Three items of note:
– Guest star round-up, I guess: it certainly would have been nice to give Pamela Hayden a starring role in an episode, but why do that when you can stunt-cast? Megan Mullally sounds like a less shrill, breathier Gayle from Bob’s Burgers, not really attempting to emulate Hayden’s Sarah voice at all. Nick Offerman makes a brief appearance (I guess they figured since they got Mullally, they’d bring her husband in too) to reprise his beloved character, that captain guy from that episode where Homer and Bart got in a right? “Wreck of the Relationship,” it was called? It sucked ass, that’s all I remember. Bob Seger voices himself at the concert Homer and Chief Wiggum go to after saddling their wives with field trip duty. When they go backstage, Seger browbeats them, telling them they need to be good marital partners, and the joke is that he’s inserting his song titles into his dialogue. Hysterical. In re-casting news, gay stereotype Julio is now voiced by Tony Rodriguez, who does a podcast or something. He already had a new voice a couple episodes ago, why did they change it? And why didn’t they just throw away that fucking awful character and be done with it? At the start of the episode, Marge is excited to watch the Gen Gala and make catty remarks at the outfits (“I have firm commitments from several A-level gays!”) We see the grouping later and it’s all the usual suspects: Patty and Selma, Smithers, Julio and his partner, Patty’s ex-girlfriend… All our gay characters hang out together because they’re gay, and gay people are all friends because they’re gay.

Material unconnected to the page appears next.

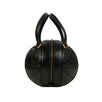 Leather 'Piuma Lux' Baseball Handbag - Black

– They attempt to do some continuity building with a flashback showing young Sarah distracting a young security guard Clancy to perform a heist, but she ends up sleeping with him. Her friends end up arrested, and since she was the getaway driver, Sarah blames herself for the whole thing. Turns out it wasn’t her fault, Lindsay Naegle betrayed them, but if Sarah held onto so much guilt because of this, would she really have wanted to see Clancy again? She believes she ruined her friends’ lives because of this man, but she then married him and lived life as an obedient housewife for fifteen-plus years? Oh, whatever. I recall an early Al Jean episode where Clancy and Sarah are slow dancing, and he comments, “You look as pretty as the day I arrested you!” to which Sarah blushes. That moment is more charming and cute than anything we see in this entire episode.
– Marge saves the day at the end by pulling some fabric to cause Lindsay Naegle to trip at the top of the gala stairs. She elaborately tumbles down the stairs, flopping comically from left to right, bouncing over a dozen times as she plummets to the bottom. I really don’t know why it was done so excessively, but it felt strange and weirdly uncomfortable. It would be overkill if it were Homer, but this is just watching some poor woman flail around in incredible pain for twenty seconds. Are we supposed to feel vindicated that she’s getting her just desserts? Why should I care that Naegle betrayed three characters we literally just met and don’t care that much about? She ends up being framed for a bunch of other thefts, and we get on-screen text reading “The Double Revenge That You Didn’t See Coming But Now You’re Like What!?!?” Again, it feels like they’re banking hard on us giving a shit about this story. Or is the joke that they’re observing that twists happen in movies?